The Best (and Worst) Classic Dad Jokes 👋

Get ready for timeless humor with our collection of classic dad jokes! These iconic, laugh-out-loud jokes have been making people groan and giggle for generations. Perfect for anyone who loves the charm of old-school humor, our classic dad jokes feature the best one-liners and puns that never go out of style. Whether you’re sharing them at family gatherings or just looking to brighten your day, these classic jokes are sure to deliver the perfect punchline every time. Explore our collection and rediscover the magic of classic dad jokes!

I went to a smoke shop only to discover it’d been replaced by an apparel store.

How many narcissists does it take to screw in a light bulb? One. The narcissist holds the light bulb while the rest of the world revolves around him.

Why is Peter Pan always flying? Because he Neverlands.

What brand of underwear do scientists wear? Kelvin Klein.

When does a joke become a dad joke? When it becomes apparent.'

This graveyard looks overcrowded. People must be dying to get in.'

Not sure if you have noticed, but I love bad puns. That’s just how eye roll.

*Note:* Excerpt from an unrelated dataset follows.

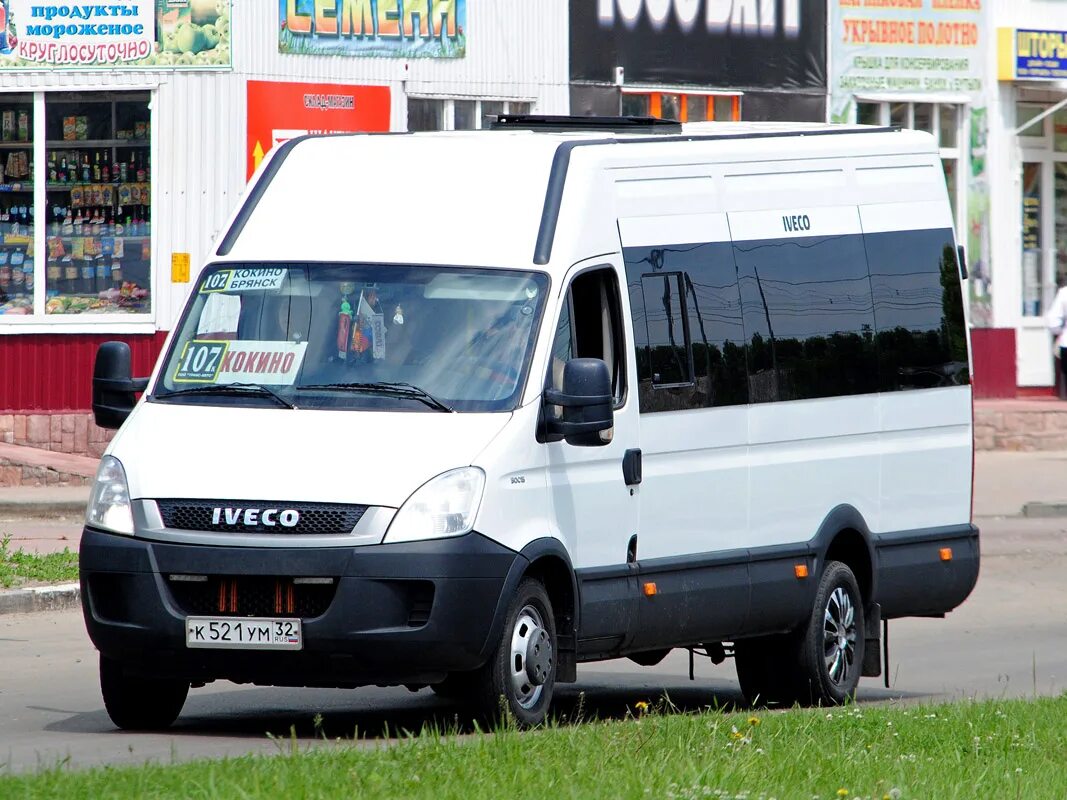 Билеты маршрутка брянск. Iveco Daily 2227ut. Нижегородец-2227ut (Iveco Daily). Брянск маршрутки Ивеко. 107 Маршрутка Брянск Кокино.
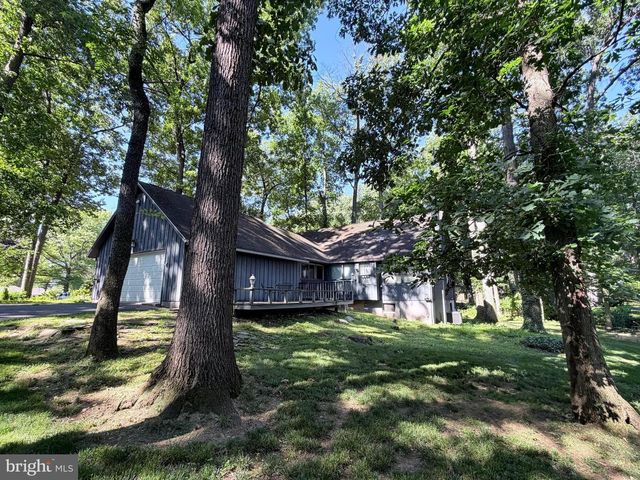 6067 GREENBRIAR COURT, Fayetteville, PA 17222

I talk to myself because sometimes I just need expert advice.

What do you call a laughing jar of mayonnaise? LMAYO.

My dog has no nose. How does it smell? Awful!

I was wondering why the frisbee kept getting bigger and bigger. Then it hit me.

If you see a crime happen at the Apple store, what does it make you?' 'An iWitness.'

Clothes, but no cigar.

I tell dad jokes but I have no kids. I’m a faux pa!

Why does a husband lead a dog's life? He comes in with muddy feet, gets comfortable by the fire, and waits to be fed.